The servers are the high-water mark thus far in IBM's years-long "X Architecture" plan to endow its Intel servers with some of the capabilities of its higher-end server lines, notably its venerable but expensive mainframes. Intel's Itanium processor is geared for higher-end "big iron" systems that handle demanding data-processing chores where IBM has long been top dog.

IBM's x450 has four of the 1.5GHz Itanium 2 6M processors--code-named Madison--that Intel is expected to announce Monday. IBM had already begun selling its x450 system in April with the earlier 1GHz "McKinley" version of Itanium, but Big Blue put that system on hold after an NEC server customer found a glitch in the chip.

IBM also sells its pServer and iServer lines based on its own Power chips as well as its zSeries mainframes. The company has been ambivalent about Itanium, but it eventually came around, said Illuminata analyst Gordon Haff.

"Whatever spin IBM wants to put on it, there was obviously enormous ambivalence and disagreement within the company on whether to do that system. But the decision does seem to have been made that...IBM's going to go for it," Haff said. "They may not push it as aggressively as the pSeries for high-end commercial customers, but they do at least want to be able to cover that big-iron window of opportunity."

While Itanium relations haven't always been smooth sailing, another agreement between the two companies is expected to bear fruit. IBM and Intel are working together to design thin "blade" servers that fit into IBM's BladeCenter chassis.

Intel will begin shipping the blades in July, Bill Zeitler, head of IBM's server group, said in an interview. "What we want to do is create a standard, like the IBM PC, that will accelerate adoption," Zeitler said.

IBM is freely licensing the design, Zeitler said, and networking companies Cisco, Nortel and Brocade also are planning to support it. An Intel representative confirmed that the blade products are scheduled to begin arriving in the third quarter.

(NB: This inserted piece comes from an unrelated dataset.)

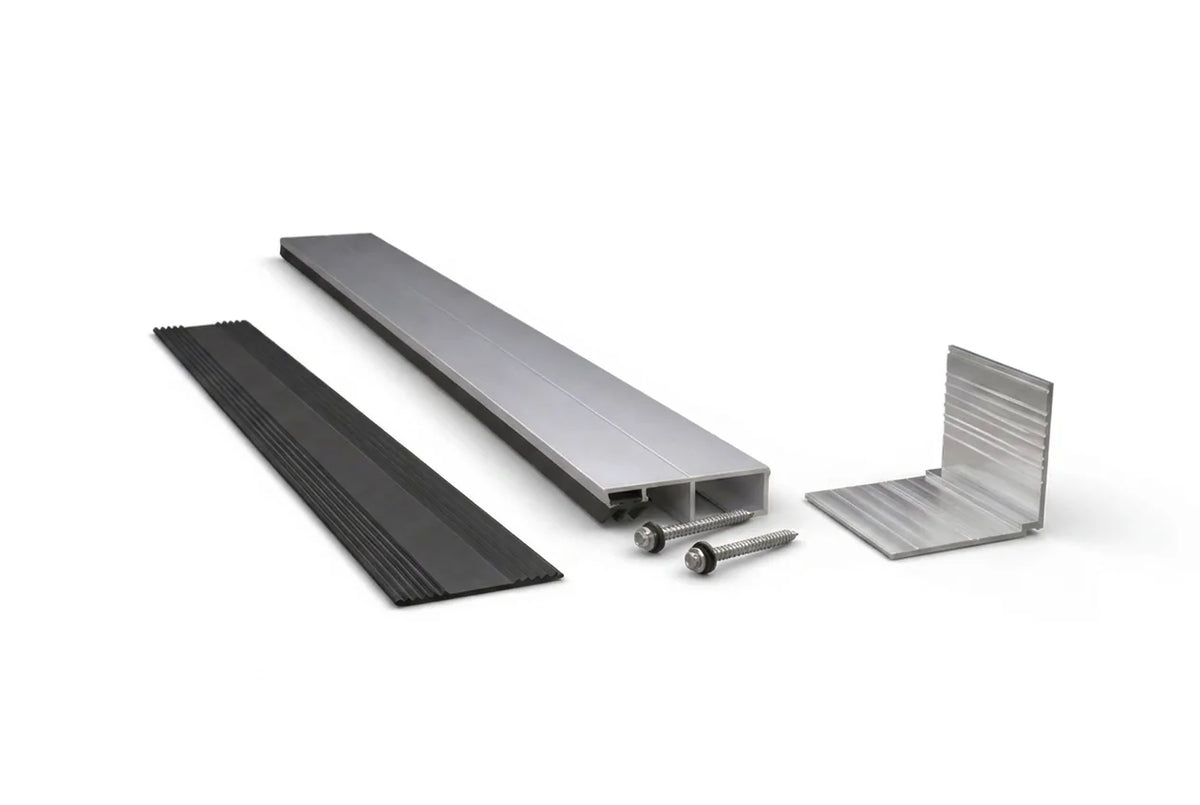 Aluminium Randprofil Komplettset ab 450cm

The x450 uses IBM's Enterprise X Architecture (EXA) chipset, code-named Summit, to join the four processors to memory. A relative of the x450 expected later this year will permit four-processor building blocks to be stacked together to form a 16-processor system.

The EXA chipset also has close relatives already in use for servers with Intel's Xeon processor. Xeon is a 32-bit design intended for lower-end and midrange servers, whereas Itanium is a 64-bit design that more easily supports large amounts of memory, has better features for multiprocessor systems and has mechanisms to protect against data corruption.

The first IBM Xeon servers using the EXA chipset were the four-processor x360 and the x440, which could grow from four to 16 processors. On Monday, IBM will reveal the successor to the x440, the x445.

As reported, the x445 will accommodate as many as 32 Xeon processors, though when the system begins shipping on July 1, it will come with up to only 16. The 32-processor version is due later this year.

While the 32-processor machine isn't likely to appeal to a large number of customers, it is likely to make the lesser versions more appealing, Haff said.

"What you often see with big systems is a lot of people would prefer not to buy the very largest. By having a 32-way, you make the 16-way that much more attractive," Haff said.

For customers building high-performance calculation machines out of clusters of lower-end systems, IBM also will introduce a rack-mountable two-processor Itanium 2 system called the x382 that's 3.5 inches thick.

The x445 has a starting price of $18,599. The x450, available July 18, will start at $25,999. The x382 will be available Aug. 20 starting at $26,589, IBM said. All the systems support Windows and Linux.

IBM also will upgrade several existing Xeon servers--the x360, x205, x225 and x255--with the new processors, the company said.